Check out this post to learn about his project
@Simon-Shepard what is driving the untapped potential that you see for STES technologies? Why do you think they haven't been leveraged yet? Sounds like an interesting idea, I'm just curious for more info
Hi, I am not working in this field, but recently I have made the "back-of-the-envelope calculation" of the needed thickness of insulation to keep for example a volume of water at high temperature during a given time... the point is that the "decay time" of the temperature is proportional to the ratio surface over volume, i.e. the size of the thermal storage... so I think it is the reason why large scale storage is preferable, unless vacuum based insulation is used (cryogenic storage dewar), or phase change material ?
Assuming uniform temperature inside the tank, and only thermal conduction through the insulation, the equation for temperature evolution is:
rhoCp*V *dT/dt = -k/th * S ( T - T_exterior)

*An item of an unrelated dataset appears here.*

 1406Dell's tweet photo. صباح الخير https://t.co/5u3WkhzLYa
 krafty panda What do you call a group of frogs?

- rhoCp: density times specific heat capacity of the storage material
- k: thermal conductivity of the insulation layer
- th: thickness of the insulation layer
- V and S are the Volume and Surface of the tank
the solution is T(t) = T0 exp(-t/tau) where tau is the decay time:
tau = k/rhoCp * S/( V * th )
thus the S/V ratio
@Pascal-Ramsey I think there are 3 core challenges that prevent STES leverage on an individual property level,
a) Most ground source heat pumps, involve tearing up a fairly large area of your property to install the ground loop under, people don't want to see their entire lawn shredded and you need to get heavy machinery like a digger onsite. Potentially this is where BTES could come in.

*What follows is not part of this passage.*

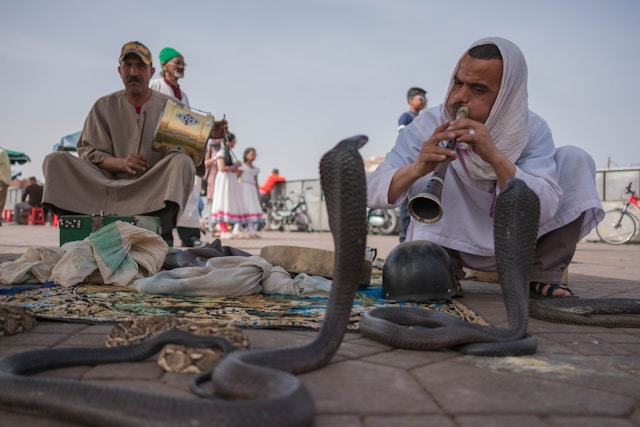 A snake charmer at Jemaa el-fna in Marrakech.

b) No one has figured out the best way to capture the sun's heat in the summer for pumping underground. Evacuated solar tubes are expensive and may not be needed - you need to trade this off against cost, so you need to figure out how to make a cost-efficient solar thermal collector for the task.
c) Hooking this up to an existing properties' heating infrastructure, so this is the real challenge if homes are using water-based conductive heating (e.g. underfloor hot water pipes) or hot air you need to build 'integrations' for each of these different methods.
Overall, one reason that this isn't being leveraged more is that a lot of the world uses natural gas to heat water to heat their home and the cost is so low, there's not a very incentive to switch. The cost of STES has to be really low to make sense for most people.
I found an interesting video of a private person installation here: https://www.youtube.com/watch?v=7PXfvfZ-b-o&t=222s
@xdze2 The more research I have done, the more I am moving away from the idea of storing the heat in a liquid or a phase change material, it adds a level of extra cost and maintenance to the system that I think just won't pay off in the end. There is another company I found trying to do this : https://www.ecovat.eu/ecovat/operation-principles/?lang=en
I am thinking more and more that the storage of the heat in the soil itself is the simplest and most effective thing to do. Charging the soil up in the beginning and then recharging it every year. Like these guys suggest :
@Simon-Shepard I agree with you that direct storage in soil is a simpler solution, nevertheless the reasoning about the ratio surface over volume is similar... I think the next problem is about geology, type of soil, permeability... which I know nothing about
it make me thinking about another startup I have seen some years ago: https://alacaes.com/
the idea is to use compressed air to store energy, but because heat is generated during compression, in order to increase efficiency there is also a heat storage system included (I think by circulating the hot air through a rock bed). They plan to use existing cavity in mountain, like cave or old tunnel...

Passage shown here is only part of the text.